Exhibit 10.7
VERSUS SYSTEMS INC.
2017 STOCK OPTION PLAN
ADOPTED BY THE BOARD OF DIRECTORS ON MAY 17, 2017
1. PURPOSE: The purpose of this Stock Option Plan (the “Plan”) is to enable Versus Systems Inc. (the “Corporation”) and its subsidiaries or affiliates to attract and retain directors, officers, employees, consultants and advisors who will contribute to the Corporation's success by their ability, ingenuity and industry, and to enable such persons to participate in the long-term success and growth of the Corporation by giving them a proprietary interest in the Corporation in the form of options to purchase common shares of the Corporation (the “Stock Options”).

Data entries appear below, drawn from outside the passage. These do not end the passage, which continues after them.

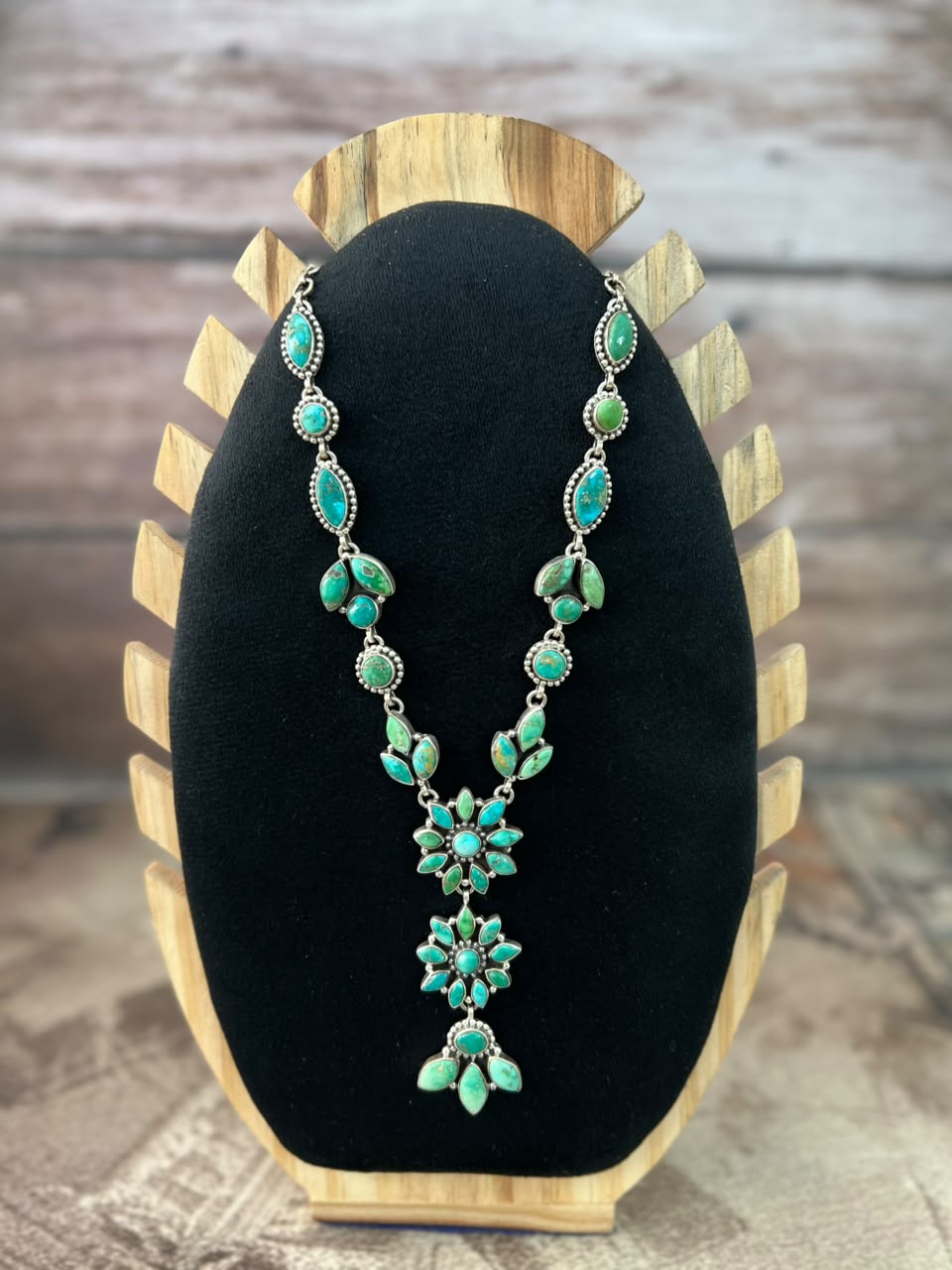Handmade Sterling Silver Emerald Valley Turquoise Collection: Necklace Signed Nizhoni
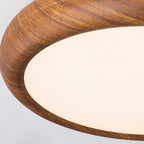 Flush mount ceiling light with walnut wood grain and white iron frame, slim modern profile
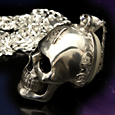 Engraved silver skull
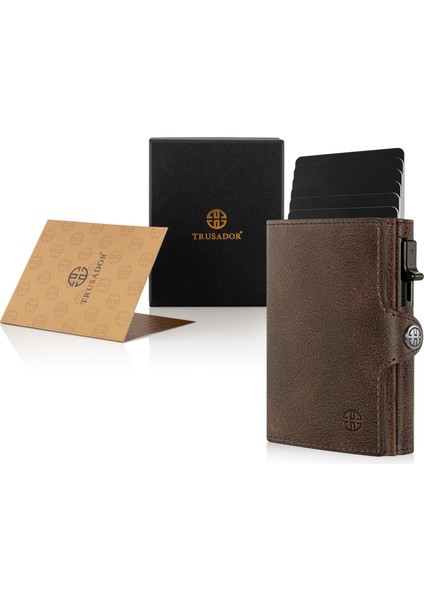 Palermo Kahverengi Mekanizmalı Kartlık Hakiki Deri Cüzdan Unisex Kadın Erkek Rfid Korumalı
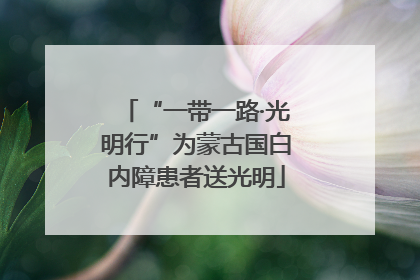 “一带一路·光明行”为蒙古国白内障患者送光明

2. ELIGIBILITY: Stock Options may be granted under the Plan to:
(a) directors, officers or employees, whether full or part time, of the Corporation or of any person or company that controls or is controlled by the Corporation or that is controlled by the same person or company that controls the Corporation (an “Affiliated Entity”);
(b) bona fide consultants or advisors to the Corporation or to an Affiliated Entity, and such other service providers as may be permitted by regulatory authorities;
(collectively, the “Eligible Persons”) provided, however, that Stock Options may be conditionally granted to persons who are prospective directors, officers or employees of, or consultants, advisors or service providers to, the Corporation or an Affiliated Entity, but no such grant shall become, by its terms, effective earlier than the date as of which the board of directors approves the grant or the date as of which the prospective Eligible Persons becomes a director, officer or employee of, or a consultant or advisor to (as the case may be), the Corporation. For the purposes of this section 2, a person or company shall be considered to control another person or company if the first person or company provides, directly or indirectly, the principal direction or influence over the business and affairs of the second person or company by virtue of (i) ownership or direction of voting securities of the second person or company, (ii) a written agreement or indenture, (iii) being or controlling the general partner of a limited partnership, or (iv) being a trustee of a trust.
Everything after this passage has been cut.